Bought my first house in Austin, in 1978, for $45K. I sold it, after one year, for $55K. It's now listed at $385K.
Over here you usually build and/or buy ONE house only in your lifetime. I'm one of the exceptions having a house built in 1998 for $224,000 which I sold at no profit but for way less 18 years later. I didn't want to haggle over the price and was glad someone was willing to buy it. The condo plus garden overlooking a lake I bought in the meantime and in which I live now is in high demand and keeps rising in value and is worth more than many houses elsewhere. (Location, location, location, as real estate brokers say.) Indicative of that is the letters we find regularly in our postbox from people asking nicely if we'd be thinking of selling it. That never happened in my first home.
My first house in Massachusetts in 1964 cost $18,000 today it's listed at $556,261 My last house in Massachusetts in 1974 cost $72,000 today it's listed at $706,000
Our first was in Babylon NY. It was waterfront on a canal. Our next door neighbor used to go out fishing in the Atlantic. I cost us $14,000
The land cost me $10k and the log cabin $2500 since I fell all the trees and sawed all the lumber. I had about $15K total (plus a worn beyond my year's body) in it when I sold it 30 years ago for $55K. It sold three more times with a price increase each time. It sold for $350K a few years ago and the people that bought it burned it down and buried the rubble and built a $650K house on the land. Made me sick as it was built to last 100 years. The beams in it were worth $250 or more each but the wealthy Californians had no time for someone to tear it down and salvage anything. It survived 6 forest fires even when other houses burned.
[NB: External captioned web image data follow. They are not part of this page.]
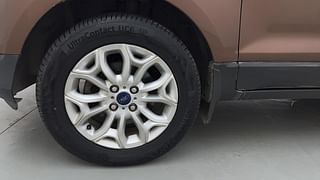 Used 2016 Ford EcoSport [2015-2017] Titanium 1.5L Ti-VCT AT Petrol Automatic tyres LEFT FRONT TYRE RIM VIEW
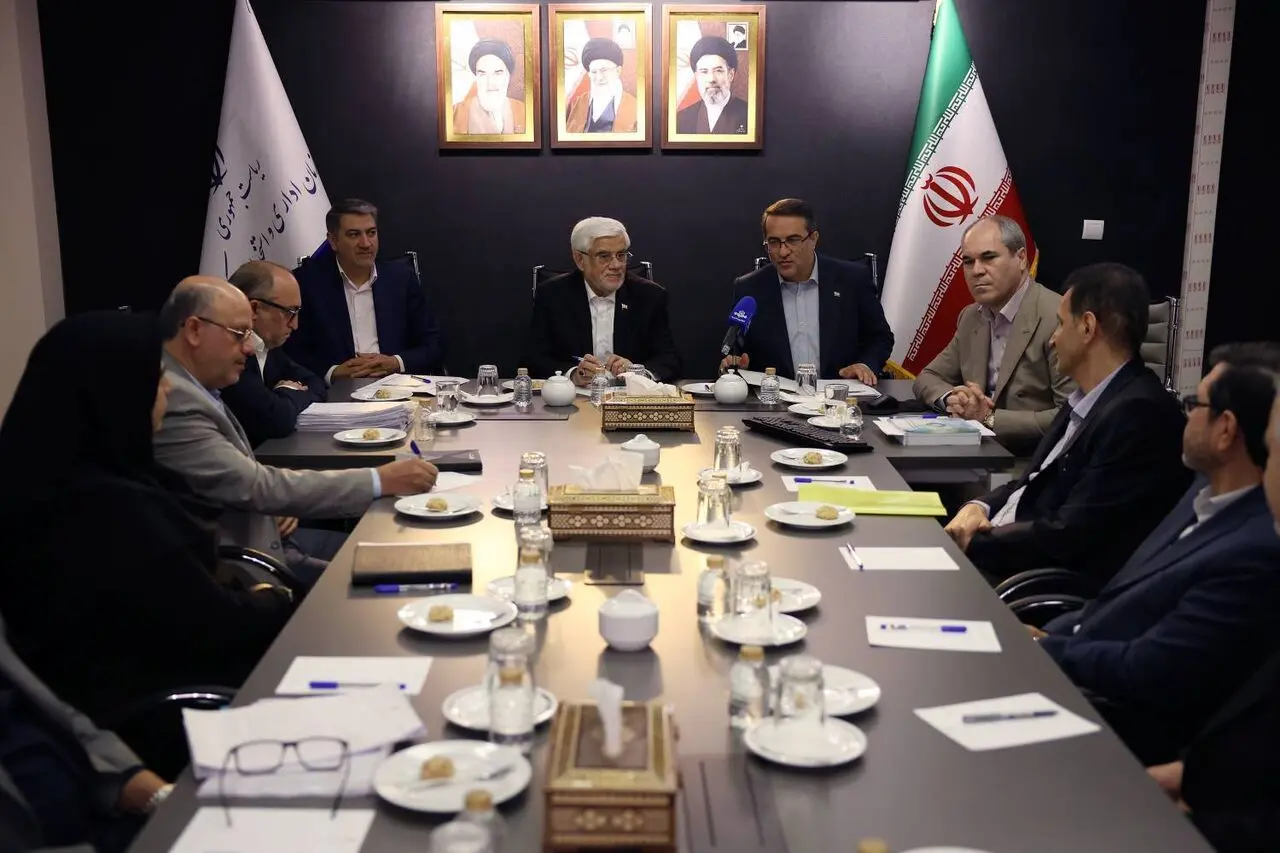 پیام تازه عارف درباره تبدیل وضعیت نیروهای شرکتی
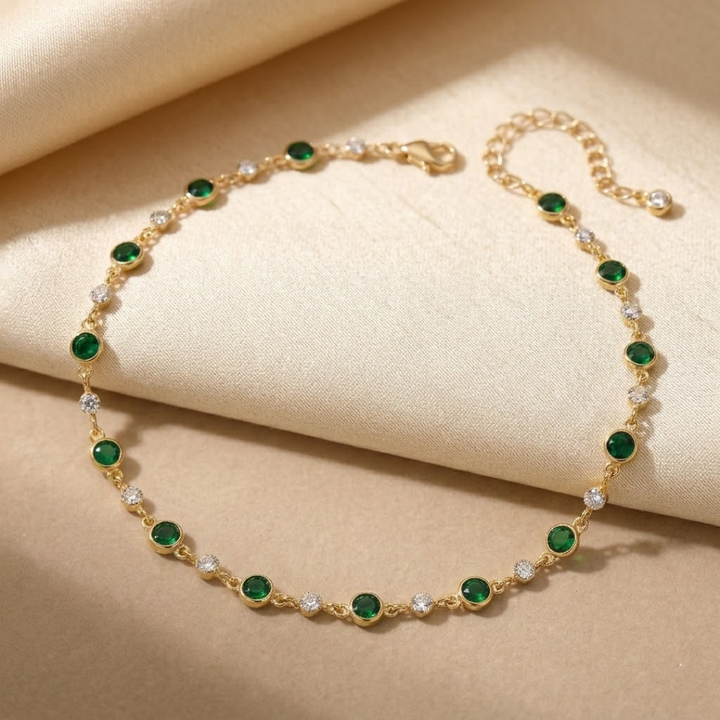 Emerald and Gold Necklace with Pendant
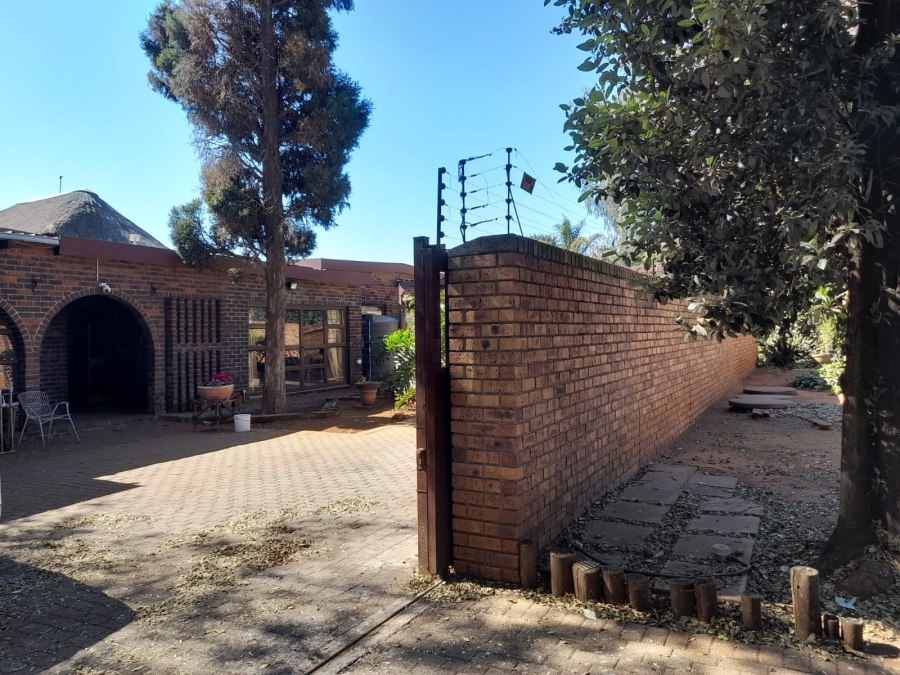 4 Bedroom Property for Sale in Petersfield Gauteng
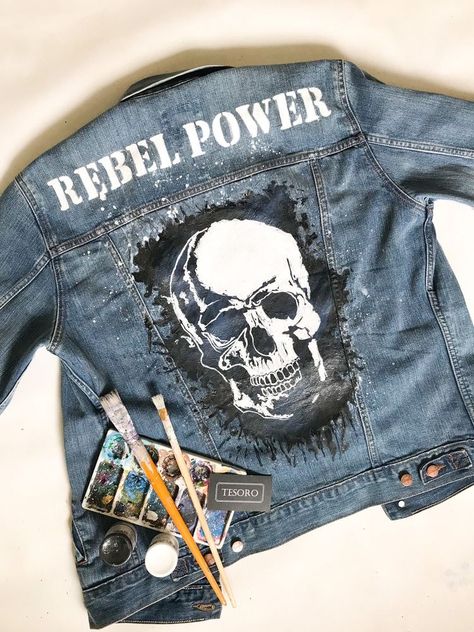 Creative Jeans, Resell Clothes, Denim Jacket Diy Paint, Jacket Hand Painted, Painting Clothes, Pallet Desk, Custom Jean Jacket, Hand Painted Denim, Diy Denim Jacket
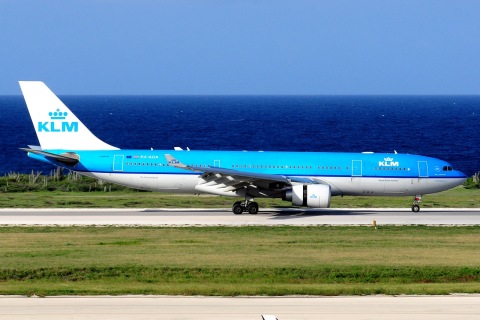 PH-AOA - A330-203 - KLM Royal Dutch Airlines - CUR - 26-11-2017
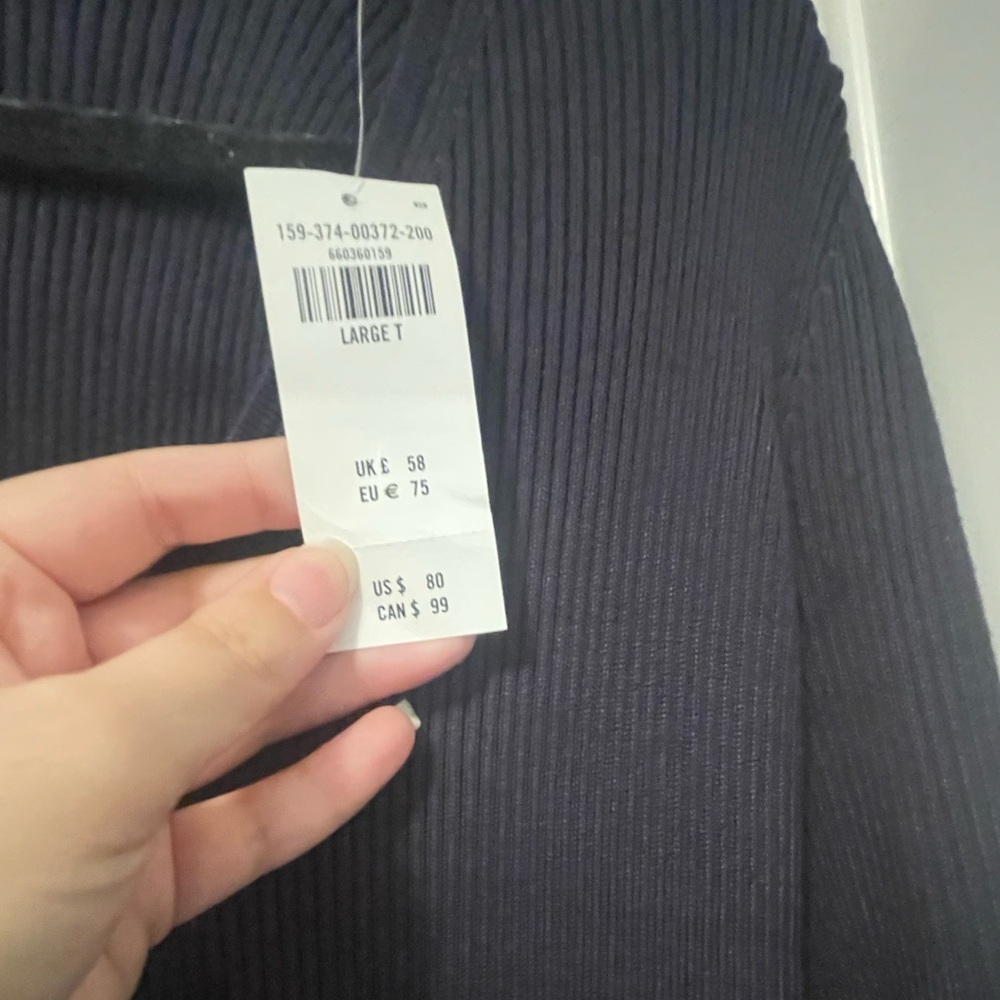 Abercrombie & Fitch Long-Sleeve Deep-V Mini Sweater Dress - Tall Length - Picture 5 of 5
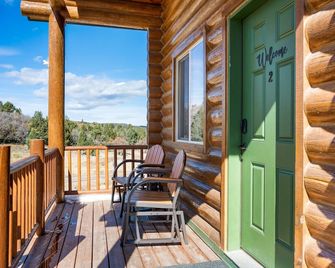 Stunning Cabin Rental for Glamping Escapes Between Bryce Canyon and Zion National Park - Alton - Balcón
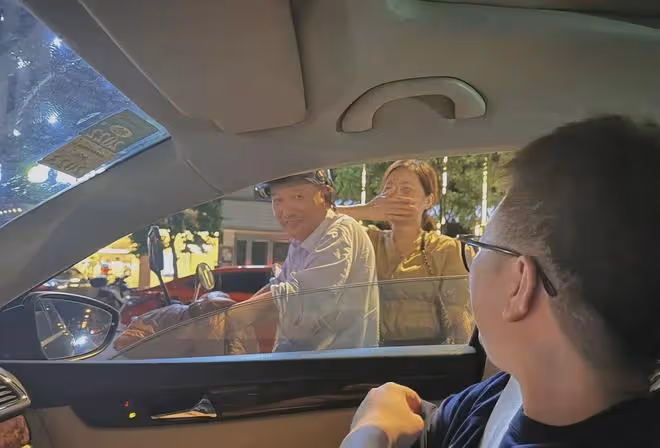 女友開車接男子，等紅綠燈時竟偶遇女友爸媽，岳父岳母的表情亮了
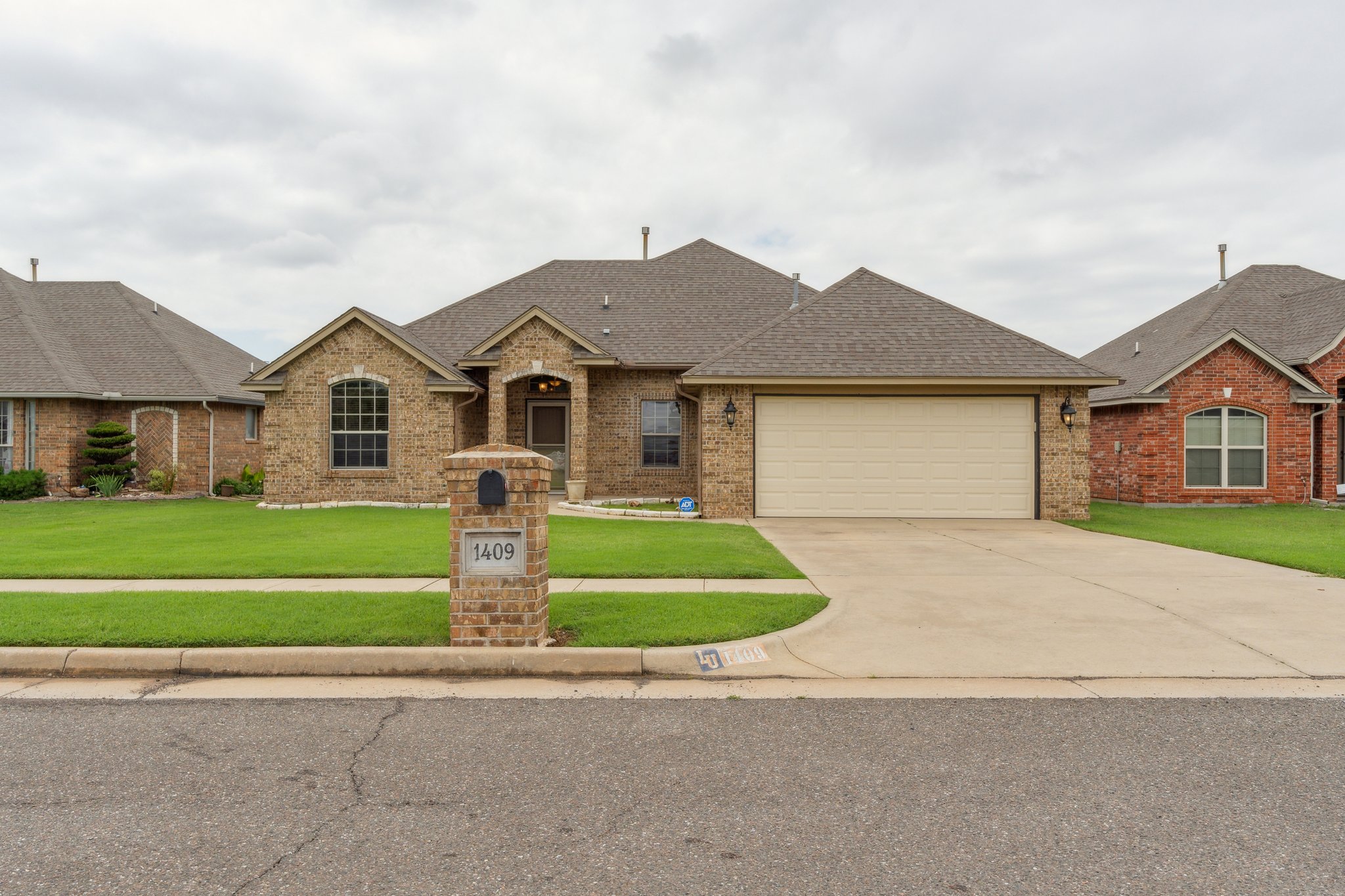 1409 Jordan Dr_005.jpg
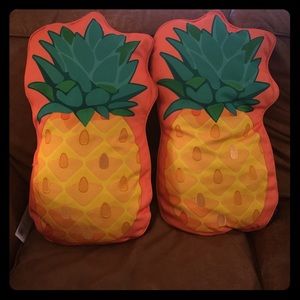 Sunnylife Pineapple Outdoor Cushions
It's disgusting, isn't it? I had a lower-scale experience in the early 70s when my father bought some land in what was then a sparsely populated area outside of the capital of Virginia. Our address was an RFD Box number. We felled the trees, bought a 1933 International tractor (hand-crank start) to pull up the stumps, built the foundation for his mobile home, built the pump house, installed the plumbing down the well to the pump house, etc. He died of cancer before we finished, and it was sold shortly after completion. I can only imagine sawing the lumber and building a cabin like that. The house I bought outside of DC was built in the 1940s and was still in great shape when I sold it in 2010. But 600 ft² was hardly sufficient as a Great Room to those folks. It was not gonna do as an entire house. So down it came, and up went a $1M McMansion.
My first house was $120,000, I think, but I let someone take over the payments on it when I found another job that came with housing. My second - and current - house I bought for $14,500.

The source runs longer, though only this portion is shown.